Which do you feel is more important?

I feel like the answer should be obvious - playing. I tend to see a lot of guitarists more consumed with gear though than they are with their own playing. It doesn't make much sense to me to have amazing gear if you're only going to use it to play a few chords. Thoughts?


----------



## bigboki (Apr 16, 2015)

"Musician" vs "Collector". Great topic. Thank you for opening this discussion.


----------



## mhammer (Nov 30, 2007)

I spendfar more time building, modding, or servicing/repairing gear than I spend playing. Indeed, I would say that most of the time that I do spend playing is simply to test out something I made, modded or fixed, to either make sure it does what was intended, or simply learn what it can do. For me - and it may well be pretty unique to me - the pleasure of playing comes in that confirmation.

Once I retire, though, I'm hoping to hook up with a casual band of similar old farts and get back to playing for pleasure.


----------



## Alex (Feb 11, 2006)

Playing.

"doesn't make much sense to me to have amazing gear if you're only going to use it to play a few chords"

A co-worker friend of mine knew only a couple chords and he came to jam with a brand new McCarty Rosewood PRS that he had just purchased at the 12th Fret. Not that he had to, but he rationalized to me that he rarely buys things for himself and the fact that he wanted to learn guitar, he wanted something really good. It made total sense to me.


----------



## jbealsmusic (Feb 12, 2014)

BigMoney said:


> Which do you feel is more important?
> 
> I feel like the answer should be obvious - playing. I tend to see a lot of guitarists more consumed with gear though than they are with their own playing. It doesn't make much sense to me to have amazing gear if you're only going to use it to play a few chords. Thoughts?


I know folks that supe up their cars but can't drive worth a damn. Some people spend thousands to put together super powered gaming computers who are complete "noobs". I know golfers who spend many thousands on clubs and training tools, but they still suck.

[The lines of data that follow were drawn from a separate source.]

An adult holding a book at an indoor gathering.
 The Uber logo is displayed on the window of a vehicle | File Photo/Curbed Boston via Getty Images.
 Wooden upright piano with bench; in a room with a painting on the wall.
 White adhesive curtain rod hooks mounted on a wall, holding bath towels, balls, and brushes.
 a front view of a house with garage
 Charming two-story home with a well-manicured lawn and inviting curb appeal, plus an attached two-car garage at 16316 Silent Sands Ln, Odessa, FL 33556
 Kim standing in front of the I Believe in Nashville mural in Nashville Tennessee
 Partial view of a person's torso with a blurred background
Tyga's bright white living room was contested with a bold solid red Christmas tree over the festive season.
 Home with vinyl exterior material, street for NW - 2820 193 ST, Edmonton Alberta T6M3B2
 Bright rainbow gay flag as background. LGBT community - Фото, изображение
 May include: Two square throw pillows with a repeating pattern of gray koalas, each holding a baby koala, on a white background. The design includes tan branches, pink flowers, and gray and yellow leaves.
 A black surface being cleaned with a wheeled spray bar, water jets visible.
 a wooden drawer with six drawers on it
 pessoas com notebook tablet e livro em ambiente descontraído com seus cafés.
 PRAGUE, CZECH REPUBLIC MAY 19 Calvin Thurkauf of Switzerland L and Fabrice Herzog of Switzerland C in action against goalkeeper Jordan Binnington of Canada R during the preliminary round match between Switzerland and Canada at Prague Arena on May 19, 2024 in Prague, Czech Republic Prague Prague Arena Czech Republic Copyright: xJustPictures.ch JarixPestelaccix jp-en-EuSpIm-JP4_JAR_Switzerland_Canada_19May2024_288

I say it depends on what gets you the most enjoyment out of the hobby. I can think of 3 main categories of musicians I've interacted with:
1) People who focus on their ability as a musician and don't care much about how their gear works, as long as it is reliable and sounds decent.
2) People who love gear as much as playing. So they get about as much enjoyment out of experimenting with their gear/setup as they get from playing.
3) People who love the gear/tone hunt more than they enjoy playing. They get way more excitement out of playing random notes/chords through a certain piece of equipment than they do playing actual music.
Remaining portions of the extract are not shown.